‘Car Jitsu’ Is Where MMA Meets Motorsports
Backseat tussles with siblings have nothing on Car Jitsu.
Getting rocked by your sibling in the back seat is a tradition as old as the road trip. Now, it's also a martial art; car jitsu, a sport borne that looks fun enough to make you wonder if a seatbelt around the neck is the thing for you.
As its name implies, car jitsu is basically just Brazilian jiu-jitsu inside a car. It operates under the same rules but allows the use of a car's interior to force opponents into submission. That can mean throwing the seat back to change the environment or using the seatbelt to choke an opponent. With cramped confines, it's a bit more like a cage match in that regard, only even tighter.
According to Jiu Jitsu Legacy, car jitsu was invented in 2020 by Russian jiu-jitsu and judo black belt Vik Mikheev, whose YouTube channel full of fights has accrued millions of views. It's reached a level of popularity in Russia that it even has its own championship, which at least one organization in the United States is trying to replicate with the Car Jitsu Championship. It appears to be held inside a Toyota Prius, marking the first occasion on which dudes in Tapout shirts have sought time inside a Prius.

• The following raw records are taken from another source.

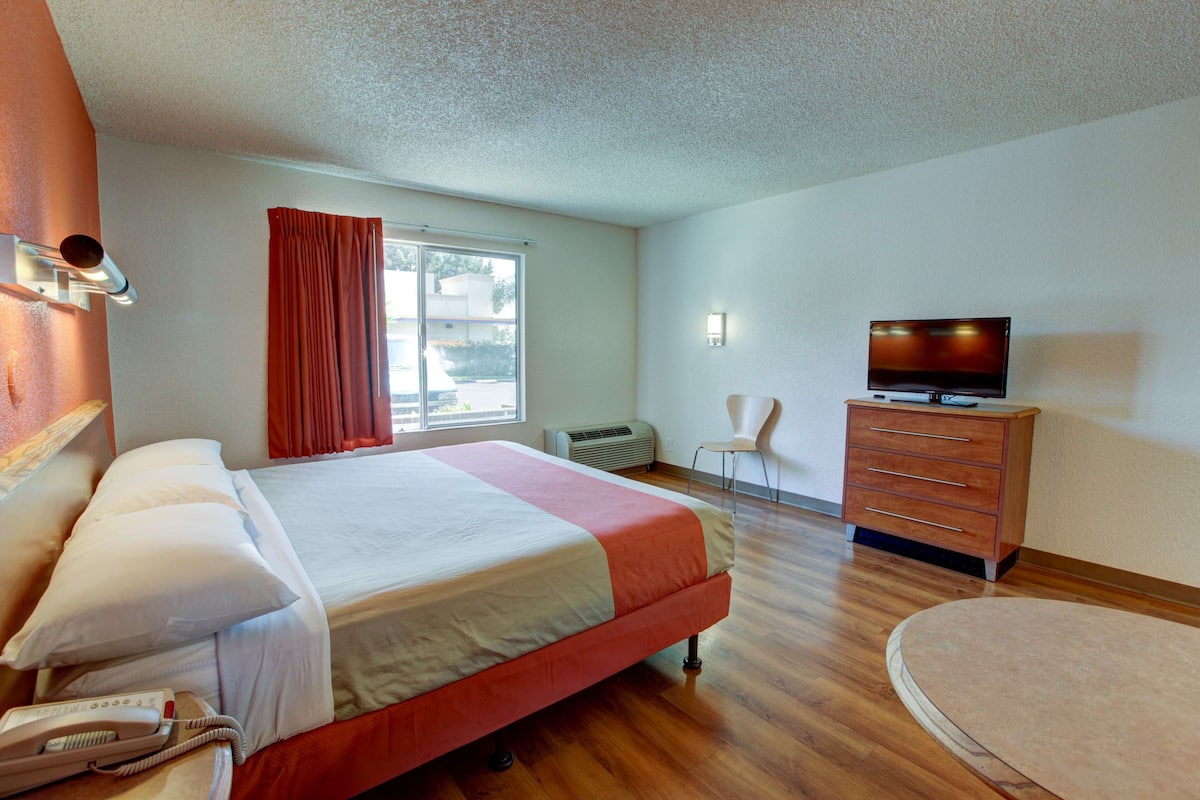 A hotel room with a bed, a TV, a dresser, and a chair.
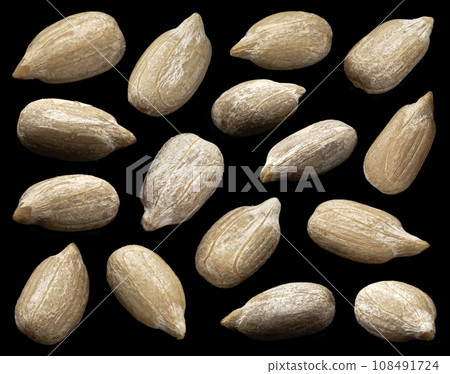 Peeled sunflower seeds on black background 108491724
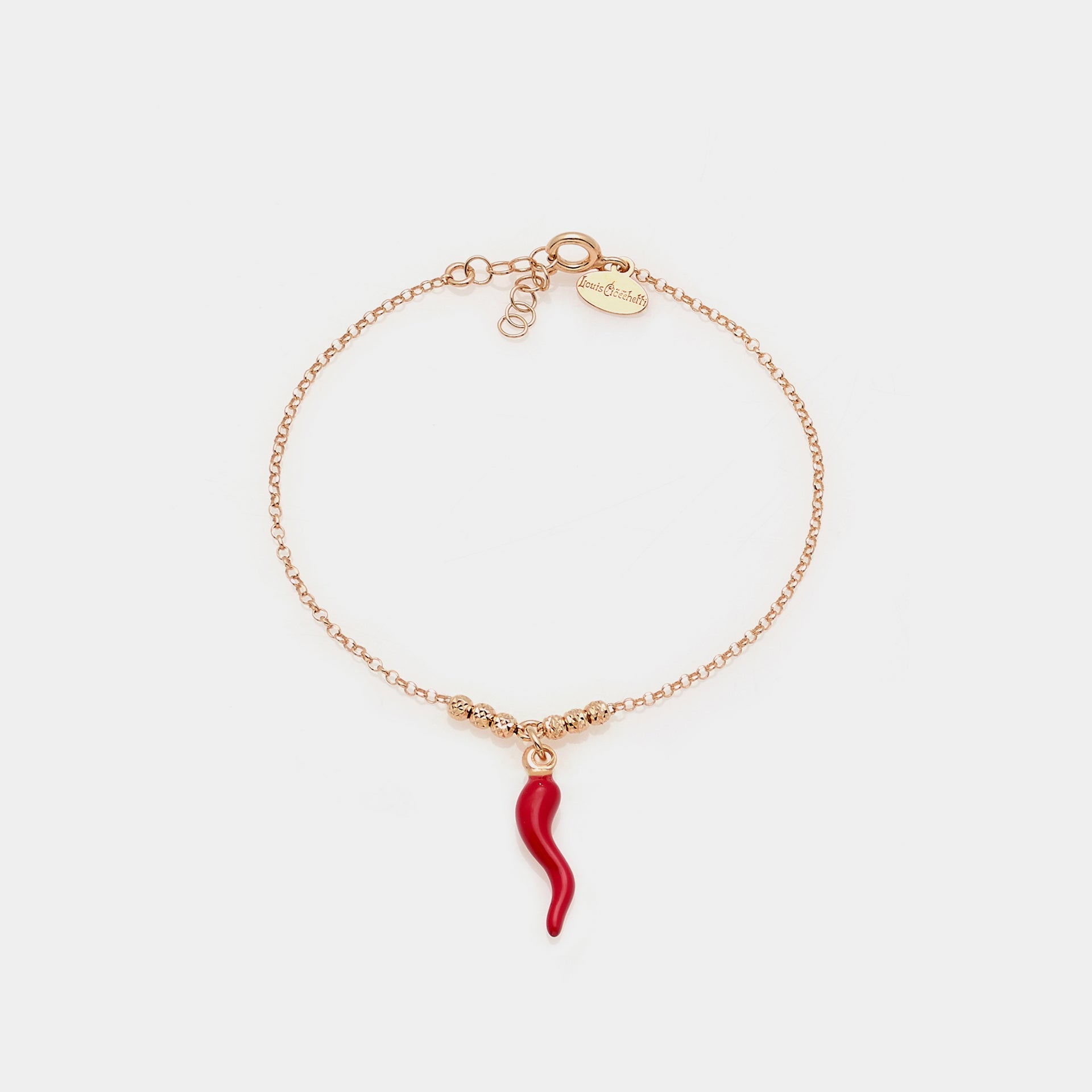 Rose gold plated silver bracelet with faceted spheres and central hanging red enameled horn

Spectators often comment on car jitsu's value as a means of self-defense inside a car. However, it also offers a source of inspiration for movie fight scenes, especially if neither party is carrying a weapon. And as long as we're following that train of thought, it can be expanded to dozens of people duking it out on a bus. Sounds like the perfect stunt for a sequel to "RRR"—or maybe just another "Karate Kid" spinoff.